La convalida delle delibere adottate in data 17 marzo 2026, quando la Giunta risultava priva del numero minimo previsto dallo Statuto Comunale, non può essere considerata una semplice formalità amministrativa. Al contrario, solleva interrogativi seri sul rispetto delle regole e sulla correttezza dell’azione istituzionale.
Avevamo evidenziato pubblicamente l’incongruenza, insieme ai colleghi della minoranza, sottolineando come l’assenza del numero minimo di assessori mettesse seriamente in discussione la legittimità degli atti adottati. Un rilievo che non era né strumentale né politico, ma fondato su un principio essenziale: il rispetto delle regole.

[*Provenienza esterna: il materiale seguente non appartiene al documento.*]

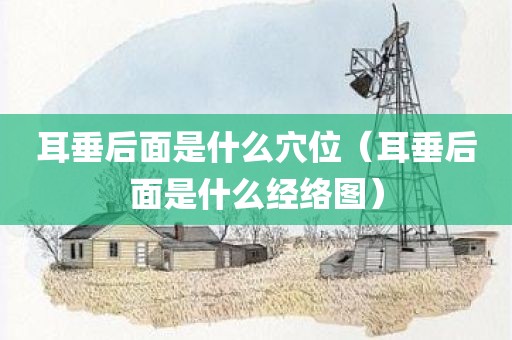 耳垂后面是什么穴位（耳垂后面是什么经络图）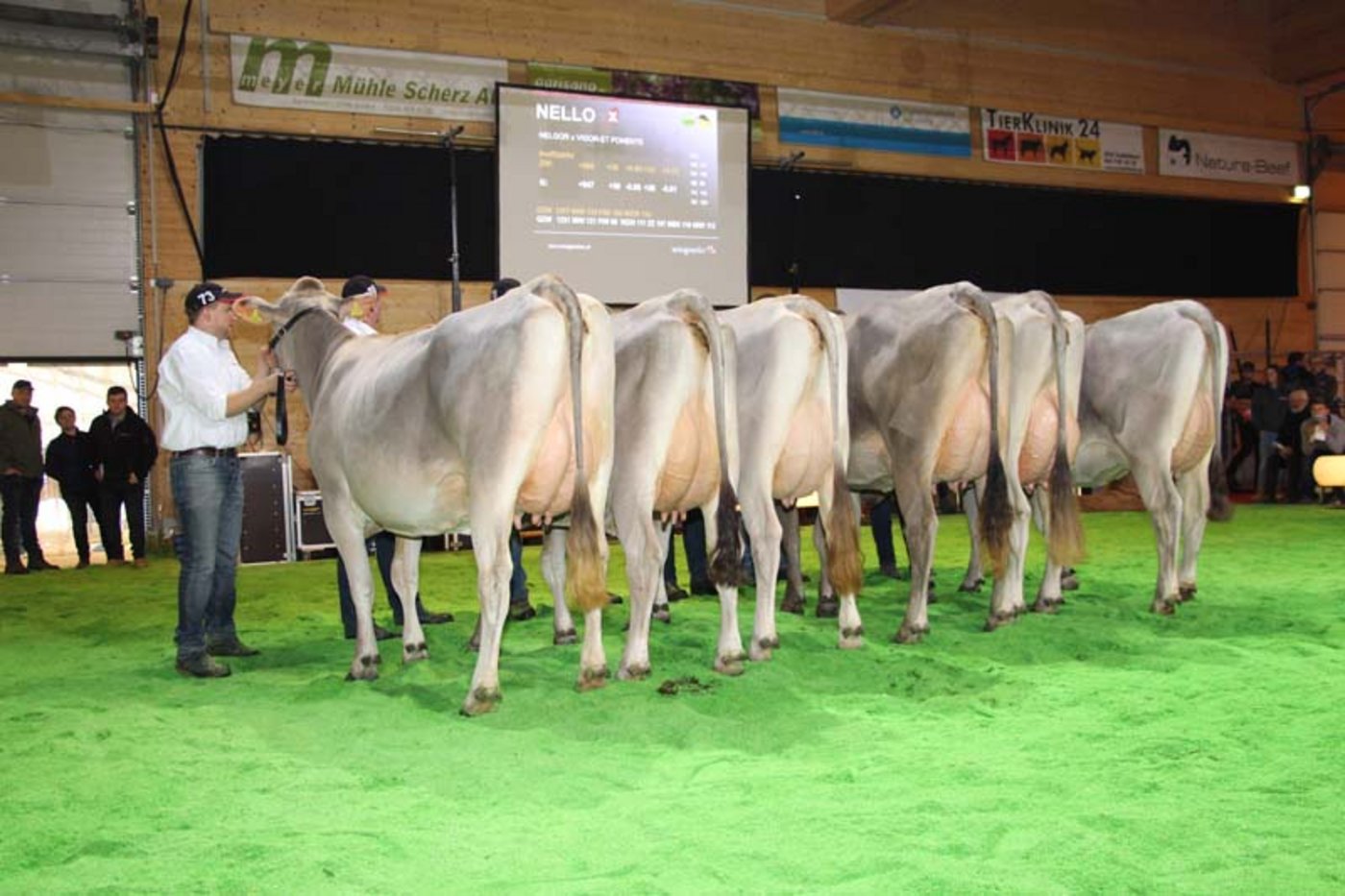 Töchtervon Brownswiss-Stier Nello.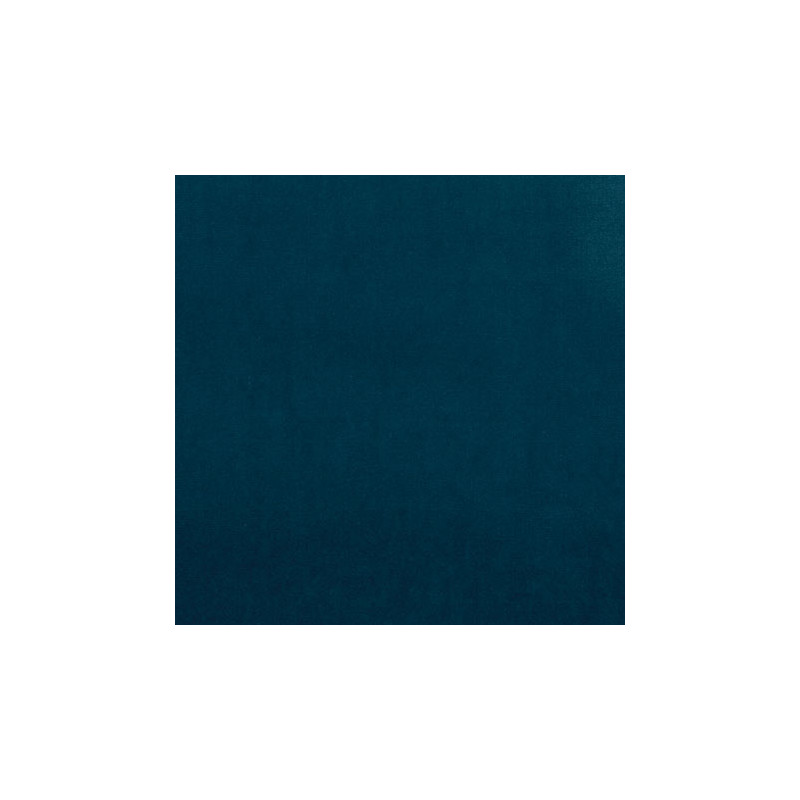 Wedgewood Blue Carpeting, 12 X 14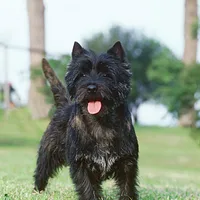 Cairn Terrier, picture 3 of 9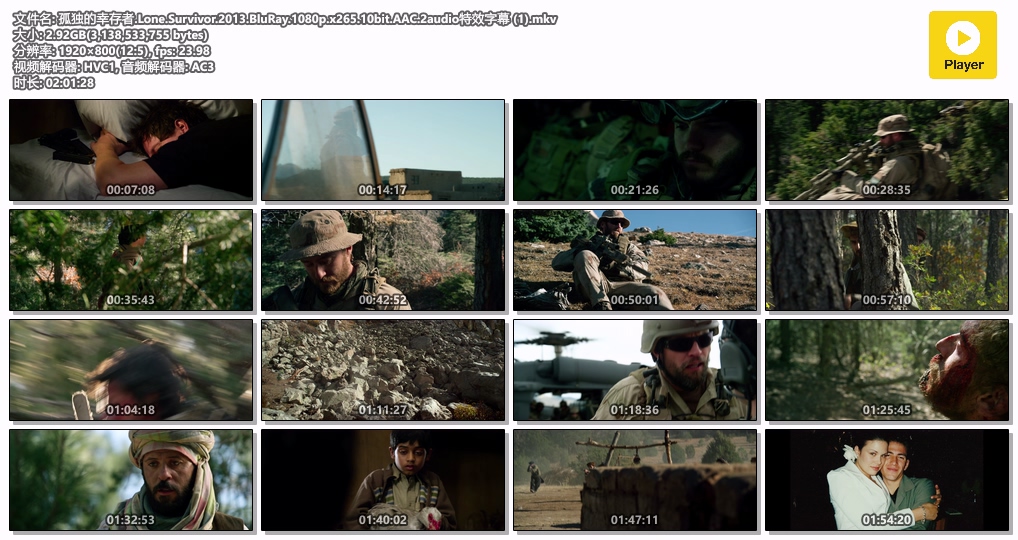 孤独的幸存者.Lone.Survivor.2013.BluRay.1080p.x265.10bit.AAC.2audio特效字幕 (1).mkv.jpg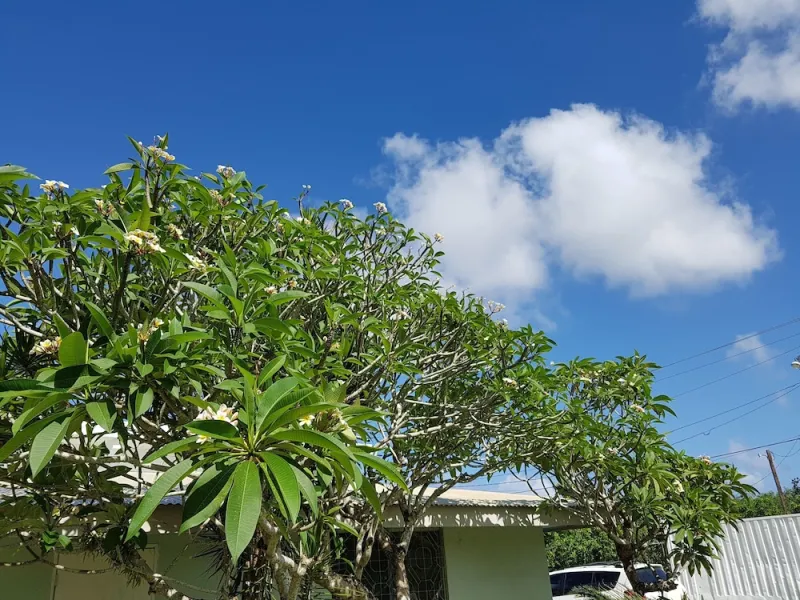 Billede 2 af Saipan Family Residence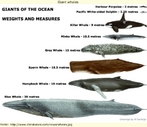 Infogrfico mostrando vrios tipos e tamanhos de baleias.  Palavas-chave: Baleia. Narrativa. Literatura. Gneros textuais. Animais mamferos. Mar.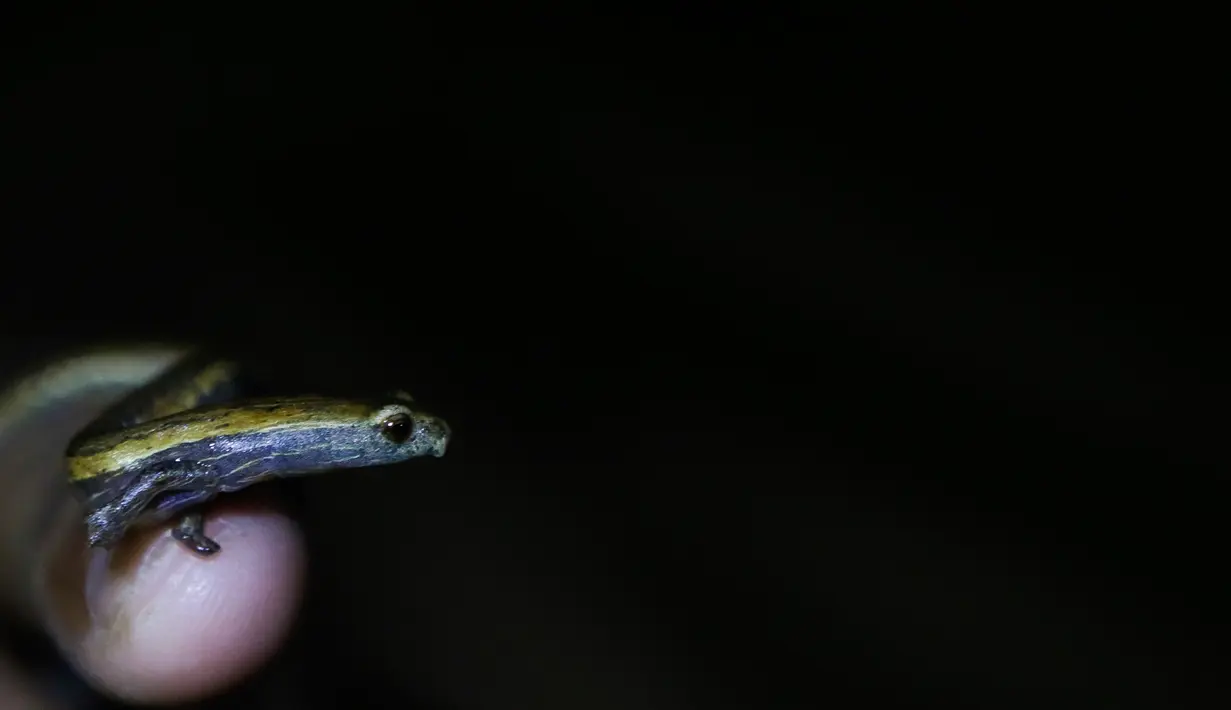 Seekor salamander Mombacho berada di jari-jari peneliti di Mombacho Volcano Natural Reserve di Granada, Nikaragua (18/3). Habitat hewan ini hanya berada di Mombacho Volcano atau gunung berapi Mombacho. (AFP/Inti Ocon)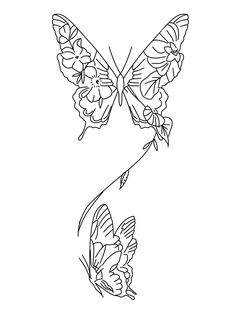 two butterflies flying in the air with one wing extended and another wing folded back to the side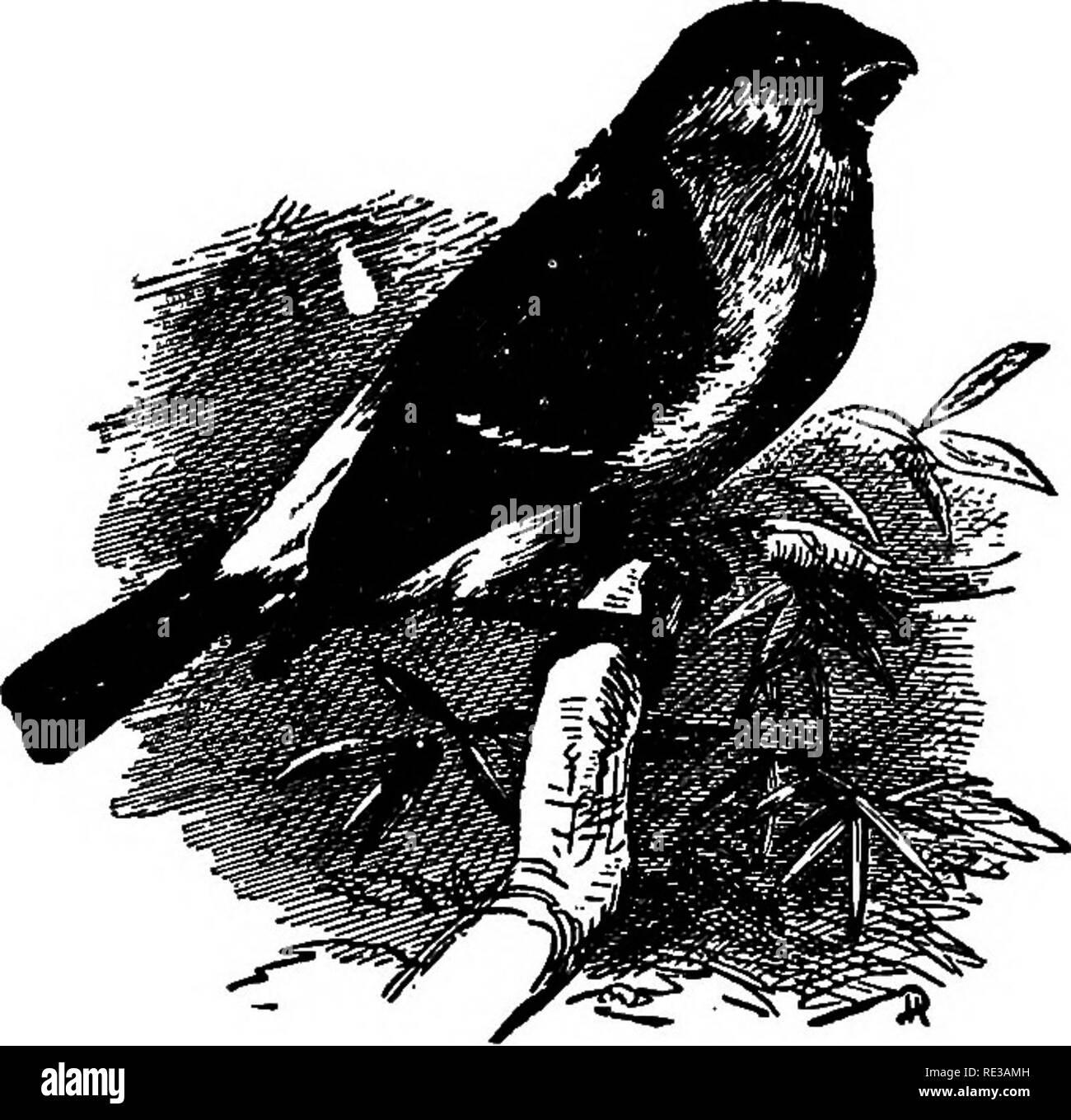 . I nidi e le uova di uccelli del Nord America. Gli uccelli; uccelli. Uccelli DEL NORD AMERICA. 3SS. * * Bullfinch europea. 517. Viola pizzico. Carpodacus purpureus (Gmel.) Geog. Dlst-Nord Orientale. America. Razze da northem Stati Uniti nortliward. Chiamato Grosbeak viola, Crimson Finch o Linnet. Si è trovato allevamento rego- larly nel nord del livello degli Stati-l'Dakotas, Minnesota, Wisconsin, Michigan, ecc., verso settentrione, e si dice che è stato trovato nestijig nel nord dell'Illinois. Un abbondante di uccelli nel New England, dove la sua canzone dolce, colori luminosi e socievole disposizione hanno reso un uccello preferito. Esso Foto Stock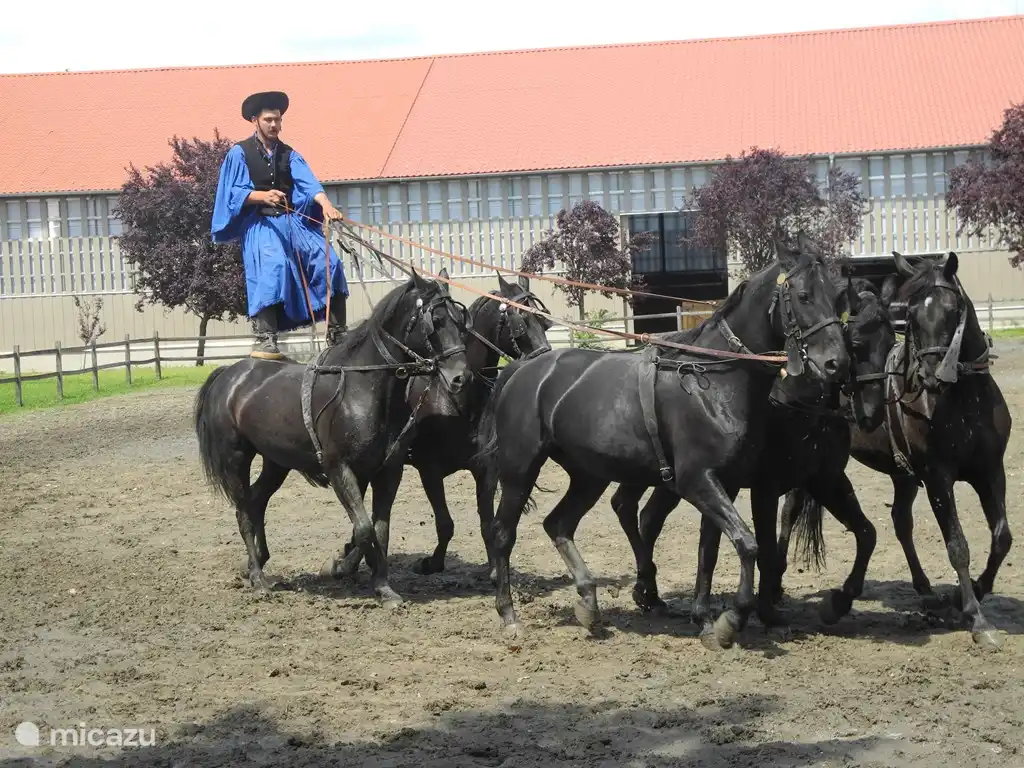 Hortobagy, horse show at the Puszta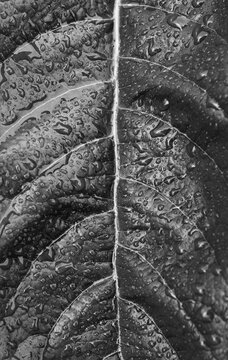 Rain droplets on the Loquat tree leaf
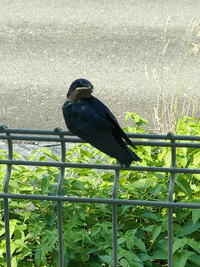 この鳥はなんという鳥でしょうか 自宅の庭に3羽ほどいて ときど Yahoo 知恵袋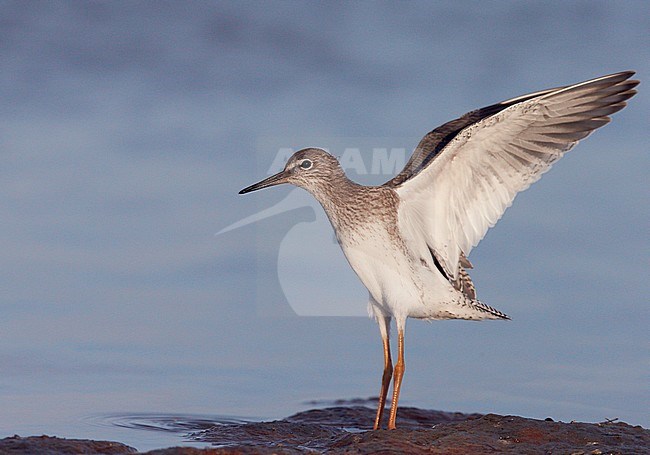 Redshank (Tringa totanus) UtÃ¶ Finland July 2012 stock-image by Agami/Markus Varesvuo,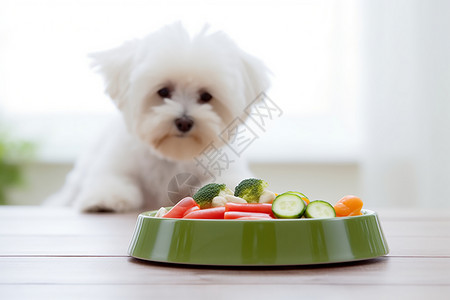 小狗的饮食图片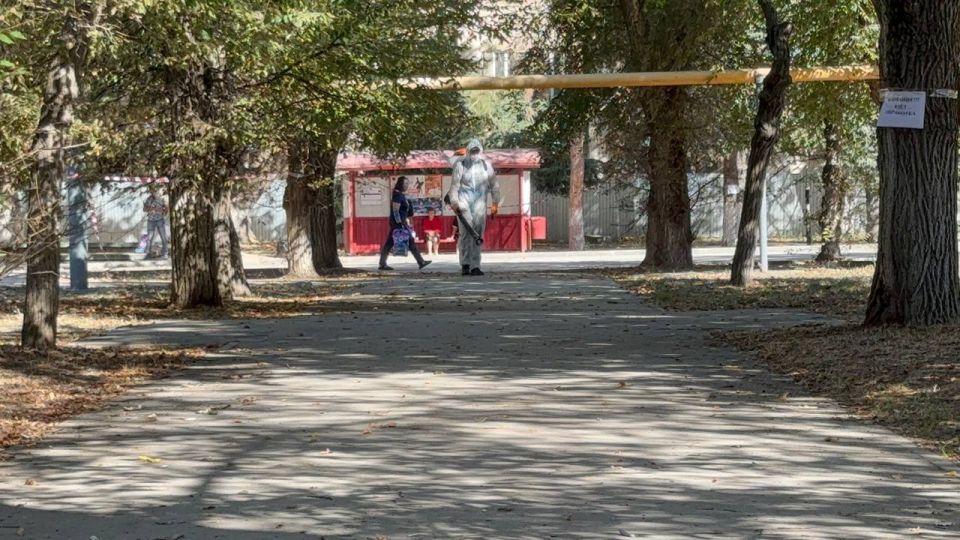 Деревья по ул. Островского обрабатывают от вредителей Деревья по ул. Островского обрабатывают от вредителей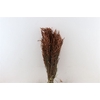 Dried Avena X5 Brown Bunch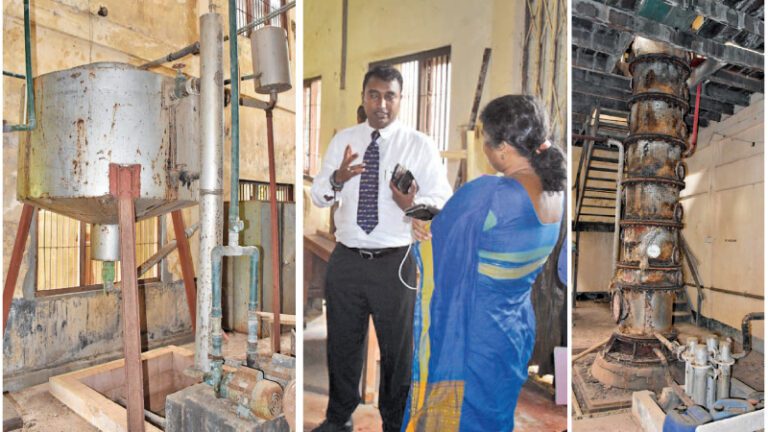 World’s largest Palmyra distillery to open in Tikkam, Jaffna in Dec.-by Shirajiv Sirimane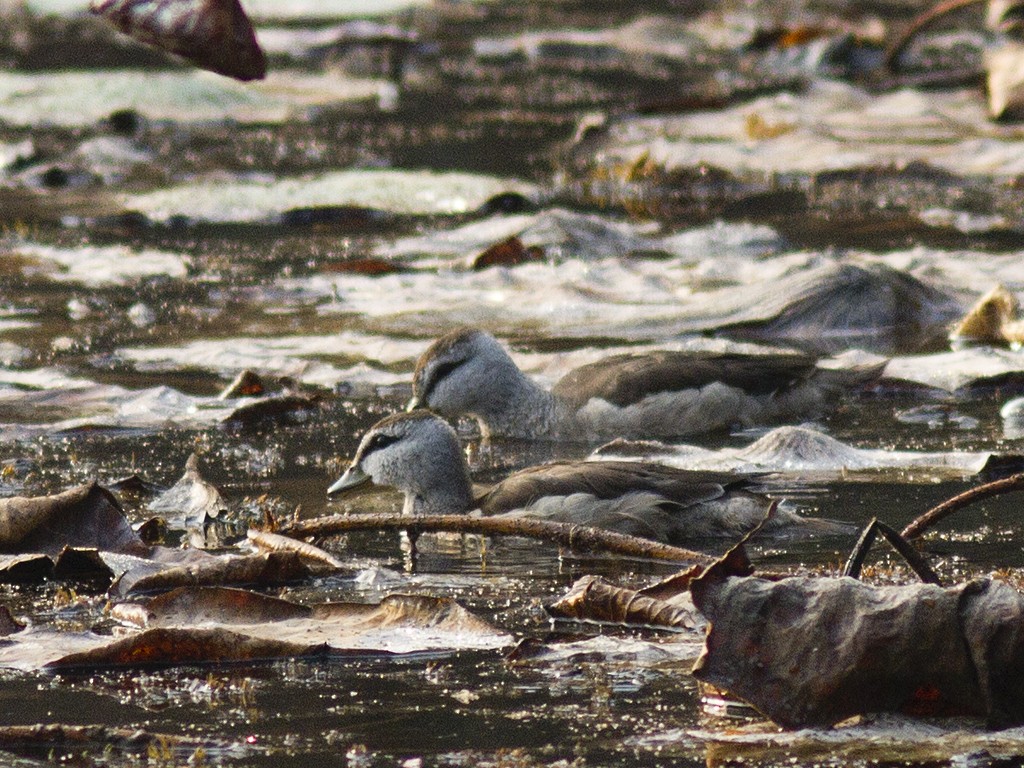 Cotton Pygmy-Goose - Frode Falkenberg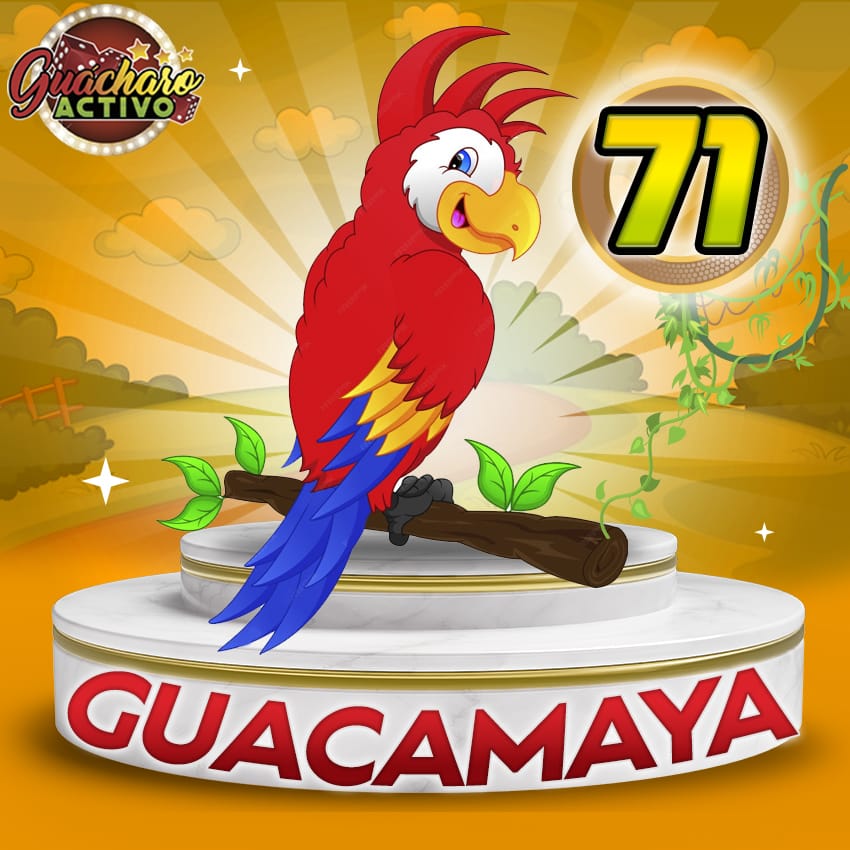71 Guacamaya Guacharo Activo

Oggi, a distanza di pochi giorni dalla nomina dei nuovi assessori, l’Amministrazione procede alla convalida delle delibere adottate il 17 marzo 2026, quando quella stessa Giunta operava in una condizione che avevamo definito criticamente carente.
Tra gli atti pubblicati in data odierna sull’albo pretorio, la delibera relativa alla “Gestione e fruizione delle spiagge libere – servizio di assistenza e salvamento a mare per la stagione balneare 2026” (convalida deliberazione n. 55 del 17/03/206) o “Progetto editoriale “Racconti di Sabaudia 2026” (convalida deliberazione n. 56 del 17/03/206). Solo per citarne alcune.
Non si può pensare di colmare una carenza strutturale dell’organo esecutivo come se si trattasse di un mero passaggio burocratico. Le norme statutarie non sono derogabili a seconda delle circostanze, ma costituiscono il presupposto imprescindibile della legittimità amministrativa e della credibilità dell’Ente.
Resta infatti un punto politico dirimente: inaccettabile deliberare in assenza dei requisiti previsti, confidando poi in una successiva sanatoria. Se oggi si interviene per convalidare quegli atti, significa che il problema esisteva ed era stato correttamente sollevato. Fratelli d’Italia Sabaudia aveva visto giusto, nell’interesse della legalità e della comunità.
Per queste ragioni, riteniamo doveroso che venga fatta piena chiarezza sull’iter seguito e sulla legittimità degli atti adottati, anche attraverso un puntuale riscontro da parte del Segretario Comunale e degli organi competenti. Continueremo a vigilare con senso di responsabilità, riservandoci ogni ulteriore iniziativa nelle sedi opportune, perché il rispetto delle regole non è una scelta politica, ma un dovere verso i cittadini”.
Così, in una nota, Fratelli d’Italia Sabaudia.